I added a few more log traces in the GCN forward implementation. Running this code shows that execution doesn't pass the first convultion.
def forward(self, x, edge_index, edge_weight=None):
print("dropout1",flush=True)
x = F.dropout(x, p=0.5, training=self.training)
print("conv1",flush=True)
x = self.conv1(x, edge_index, edge_weight)
print("dropout2",flush=True)
x = F.dropout(x, p=0.5, training=self.training)
print("conv2",flush=True)
x = self.conv2(x, edge_index, edge_weight)
print("END",flush=True)
return x
Output:
ThreadID: 0 Input data dimensions: torch.Size([2708, 1433])
dropout1
conv1
ThreadID: 1 Input data dimensions: torch.Size([2708, 1433])
dropout1
ThreadID: 3 Input data dimensions: conv1torch.Size([2708, 1433])
ThreadID: 2 Input data dimensions: torch.Size([2708, 1433])
dropout1
dropout1
conv1
conv1
ThreadID: 4 Input data dimensions: torch.Size([2708, 1433])
dropout1
conv1
Another hint is that if I run the code in "Debug" (in VS code) some of the GCN forward calls do execute to the end (but not all).
Any chance you can debug inside the GNN layers?
Yes.

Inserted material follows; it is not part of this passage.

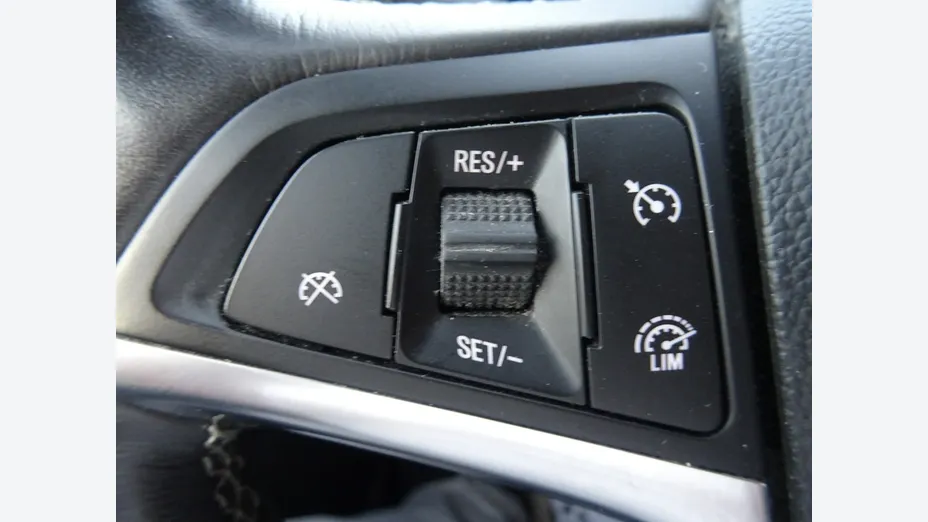 OPEL Mokka -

The line where the code gets stuck is:
edge_attr = torch.cat([edge_attr[mask], loop_attr], dim=0)
of torch_geometric/utils/loop.py method add_remaining_self_loops
mask.shape= torch.Size([10556]) loop_attr.shape= torch.Size([2708]) edge_attr.shape= torch.Size([10556])
Installed from source using the command: pip install git+https://github.com/pyg-team/pytorch_geometric.git When debugging with VS Code, the debugger doesn't stop at my PyG breakpoints. Not an expert yet of VS Code. Maybe you know what's required in order to have the debugger step in to installed sources.
Sorry for late reply. I am not a VSCode user, but maybe you can dig deeper with good old print debugging at certain points within MessagePassing?